The identity operation simply returns the first (and only) tensor argument to einsum
.
Matrix Multiplication
A specification ixs,iy
is a matrix multiplication if ixs
consists of two 2-tuples that share one index-label and iy
is a permutation of the two-nonshared index-labels of the ixs
.
Matrix multiplication uses a generated function to return a matrix-product with at most one application of transpose
, such that e.g. ein"ij,jk -> ik"(a,b)
returns :(a * b)
and ein"ij,kj -> ki"(a,b)
returns :(b * transpose(a))
.
Index-Permutation
A specification ixs,iy
is an index-permutation if ixs
is a tuple containing one tuple of index-labels that are all unique and are a permutation of the labels in iy
.
Index-permutation is implemented with permutedims
and a permutation that's calculated at runtime.
Hadamard
A specification ixs, iy
is a hadamard-product if ixs
is a tuple that contains copies of iy
and nothing else and iy
contains no duplicates.
The hadamard-product is implemented by broadcasting *
over the tensors.

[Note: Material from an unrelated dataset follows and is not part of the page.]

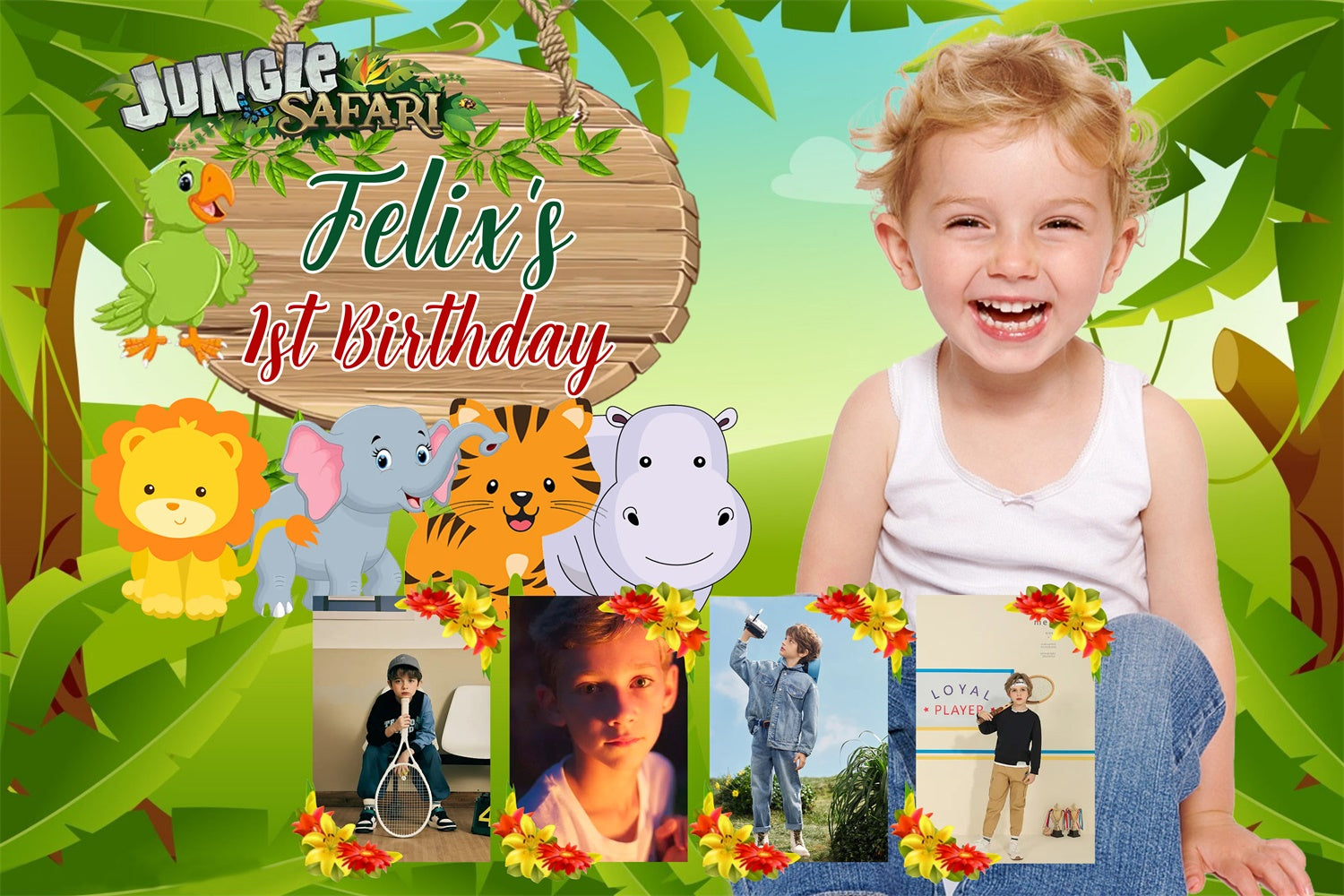 Individuelle Geburtstagsparty Backdrop Cute Safari Zoo Backdrop MRR3-12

If some of the index-labels in ixs
are permutations of iy
, we found that doing the permutation and then broadcasting *
had worse performance than the fallback implementation below - we are thus rather strict about what is a hadamard-product.
Trace
A specification ixs, iy
is a trace if iy
is empty and ixs
contains one 2-tuple containing the same index-label twice.
A trace dispatches to the LinearAlgebra.tr
although the result is wrapped in a 0-dimensional array for type stability since all einsum
return AbstractArray
s.
Partial Trace
A specification ixs, iy
is a partial trace if iy
contains no duplicates and ixs
is a tuple containing one tuple of index-labels that contains all index-labels in iy
plus pairs of labels not in iy
in arbitrary order.
Partial traces are implemented using TensorOperations.jl
for regular AbstractArray
s and with the Fallback-option (see below) for CuArray
s, since at this point TensorOperations.jl
lacks full GPU support.
Sum
A specification ixs,iy
is a sum or a reduction over indices if all indices in iy
are unique and contained in the only tuple in ixs
that additionally contains unique labels (that are reduced over).

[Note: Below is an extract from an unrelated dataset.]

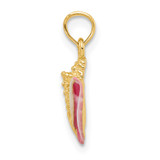 14k Textured and Enamel Conch Shell Pendant - K7-1A8C3ABF-9154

Index-reductions are implemented using Base.sum
and Base.dropdims
- the latter to remove the singleton-dimensions left over after summing over a dimension.
Tensor-Contractions (PairWise)
A specification ixs,iy
corresponds to tensor-contractions if all all labels in iy
are unique and all indices appear exactly twice in ixs
and iy
.
Such operations can be dispatched to TensorOperations.jl
and are evaluated using the @tensoropt
macro which chooses a suitable contraction order for the problem for all AbstractArray
except CuArray
s which are implemented using the Fallback.
Fallback
The fallback is called for any specification that does not satisfy the criteria outlined above.
The dispatch calls loop_einsum
which is defined in loop_einsum.jl
.
loop_einsum
is based on the EinArray
-struct. An EinArray
is a subtype of AbstractArray
that represents an intermediate step in a general einsum-expression before reductions remove indices. Consider a specification ixs,iy
- the EinArray
for that specification is the array with an index for each (distinct) label in ixs
and iy
. As an example, in ein"ij,ik,il -> jkl"(a,b,c)
, the distinct labels are (i,j,k,l)
and the corresponding EinArray
einarr
would be a rank-4 tensor with an index each for each distinct label.
If an entry of einarr
is requested, e.g. einarr[i₁,j₁,k₁,l₁]
, it's values is lazily constructed as einarr[i₁,j₁,k₁,l₁] = a[i₁,j₁]*a[i₁,k₁]*a[i₁,l₁]
upon access - the lazy evaluation avoids constructing the whole array.
To get to the final result, we reduce over the dimensions that are missing in the output. By first allocating an array of the correct size, we can fill it up with the entries of the EinArray
which are calculated on the fly, avoiding the allocation of the intermediate result.
Thus effectively we split an operation like ein"ij,ik,il -> jkl"(a,b,c)
into two piece: einarr = ein"ij,ik,il -> ijkl"(a,b,c)
and ein"ijkl -> jkl"(einarr)
but treat the first operation as a lazy one - this way we can use mapreduce(identity, +)
over the dimensions we want to remove which is implemented efficiently for both regular Array
s and CuArray
s.